Tuesday, January 10, 2017

The Public Trust Litigation

1/10/2017—the last session I was able to attend in San Francisco at the AALS meeting was the Hot Topic Program Juliana v Atmospheric Trust Litigation. The session was organized by Professor Mary Wood of the University of Oregon School of Law. Professor Wood pioneered the principles of the public trust litigation movement that is now engendering lawsuits around the world.

The premise of this line of litigation is that the climate is constitutive of a portion of the public trust, which is a common law concept concerning the government’s responsibility to protect the citizenry by maintaining public natural resources. Global warming seriously threatens the public trust for future generations. The idea is that the courts can order the government to draft the plan, at least, to protect the climate.

Public trust litigation is felt to be necessary because Congress has so abdicated its responsibility to protect the people and generations yet unborn. There is no longer any time to wait because the danger to people in the future from global warming is now so great.

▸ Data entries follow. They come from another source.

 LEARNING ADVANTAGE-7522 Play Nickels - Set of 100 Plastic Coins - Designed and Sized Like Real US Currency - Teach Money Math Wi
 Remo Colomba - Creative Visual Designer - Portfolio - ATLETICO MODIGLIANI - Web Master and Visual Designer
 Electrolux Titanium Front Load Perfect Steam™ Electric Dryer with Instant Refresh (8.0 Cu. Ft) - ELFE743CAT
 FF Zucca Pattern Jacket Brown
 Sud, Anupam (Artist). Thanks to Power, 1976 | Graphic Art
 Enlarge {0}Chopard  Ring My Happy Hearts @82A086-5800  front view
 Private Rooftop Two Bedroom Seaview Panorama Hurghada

When Professor Wood was at Duquesne University last year, she and I had an email exchange in which I voice my serious hesitation in allowing courts such a central role simply because the legislature has not adopted certain programs felt to be necessary. The premise of the public litigation movement seems to be that a democratic response is simply impossible. But if that is the case, because of big money or for whatever reason, democracy is at an end. That seems a result only a little less dire than global warming itself. So serious was my reservation years ago that I actually abandoned the position I had taken about a fundamental right to a healthy environment in an earlier Law Review article.

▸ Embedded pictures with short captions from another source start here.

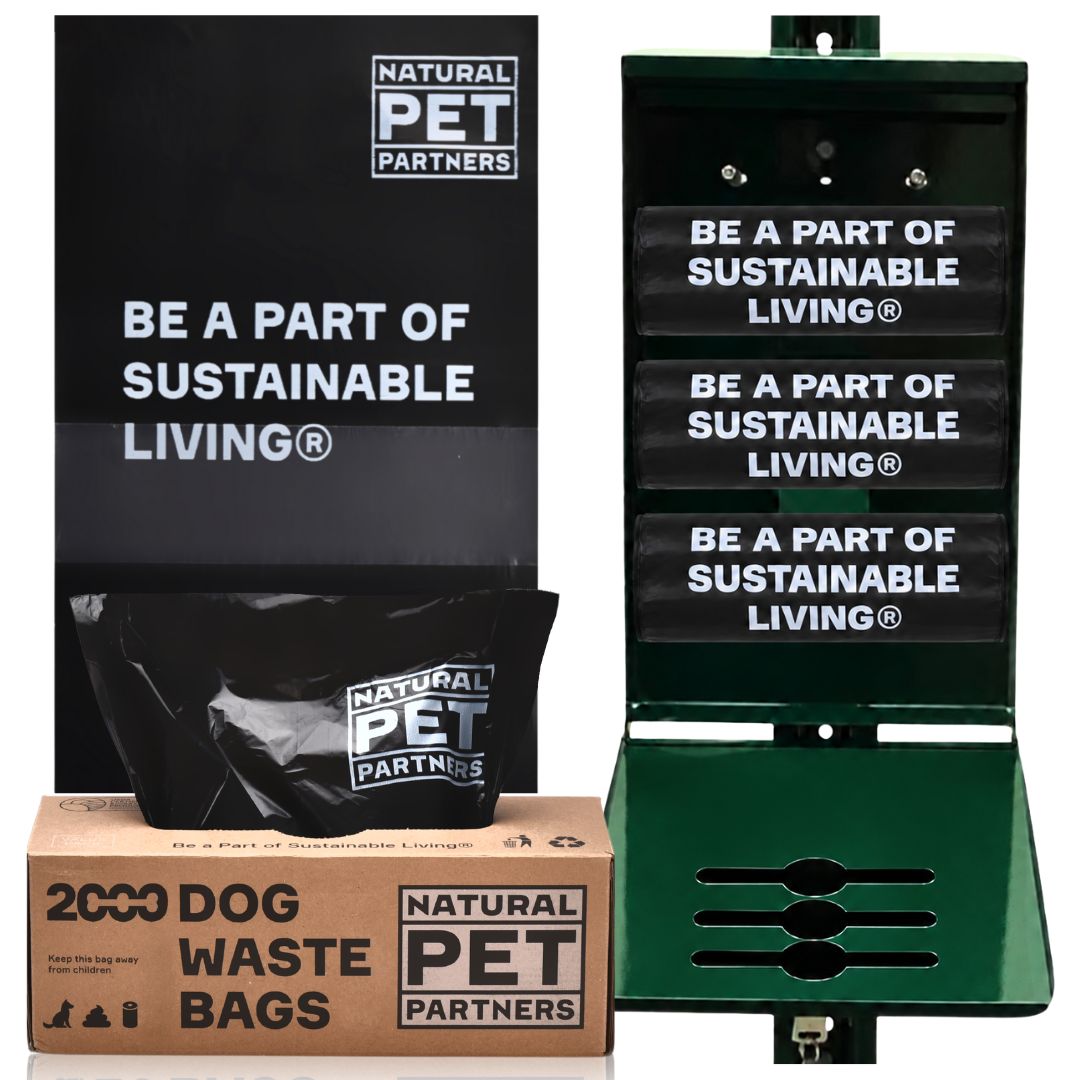 Bio-Based Dog Waste Bags (Rolls)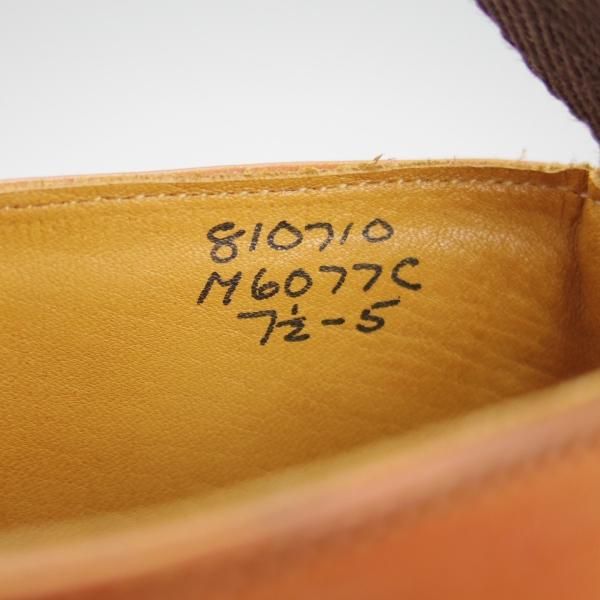 極上★トリッカーズ SIZE 7.5【現行定価￥96,800-★コマンドソール/シーシェイド】モンキーブーツ/M6077C/Ethan/茶/Tricker's★h031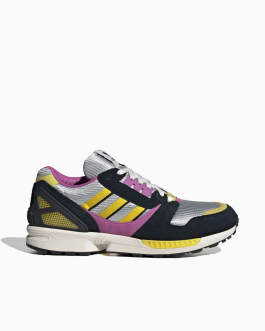 adidas ZX 8000 Made In Germany Black Lilac Light Yellow IH4113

I have not changed my mind about the antidemocratic nature of this litigation. However, after listening to Professor Wood, I have tempered my views. There are two reasons that this. First of all, Professor Wood finds herself in essentially the same place that FDR did in trying to get America ready for war despite the isolationist mood of the electorate. FDR simply did whatever he needed to do in order to get the country ready, knowing that later, when the country finally was ready for war, might have been too late. History has just FDR’s actions rather kindly, I believe.

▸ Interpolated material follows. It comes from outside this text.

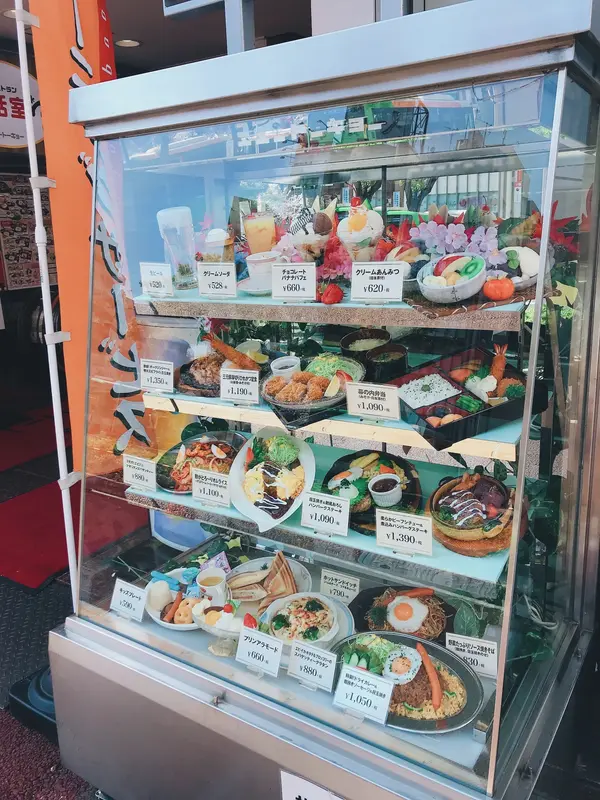 スポット内のおすすめ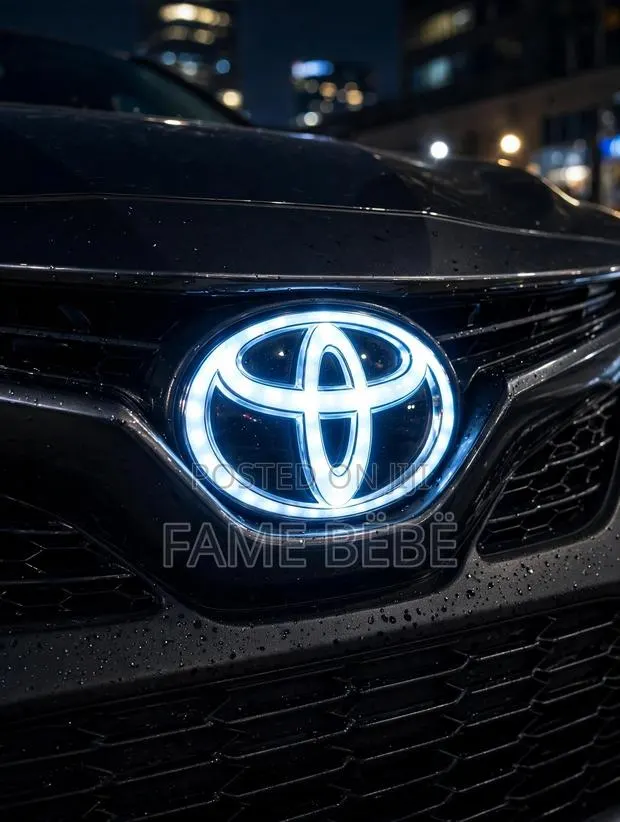 Toyota Led Light-Up Front Grille Emblem - Glow at Night! · Photo 1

The second reason that I no longer oppose this kind of litigation, despite its antidemocratic character, is that, after all, whatever the courts find, the courts will be unable to force Congress literally to do anything at all. So there is no chance of an actually antidemocratic result. On the other hand, the finding by a federal judge that global warming is real, that it is caused by humans, that it will be immensely harmful and that the Congress is doing nothing about it, would in and of itself change public opinion on the matter of global warming. So the courts could be part of a genuinely democratic turn in fighting global warming. But that could not happen unless litigation were going on. So I guess I have to offer Professor Wood an apology.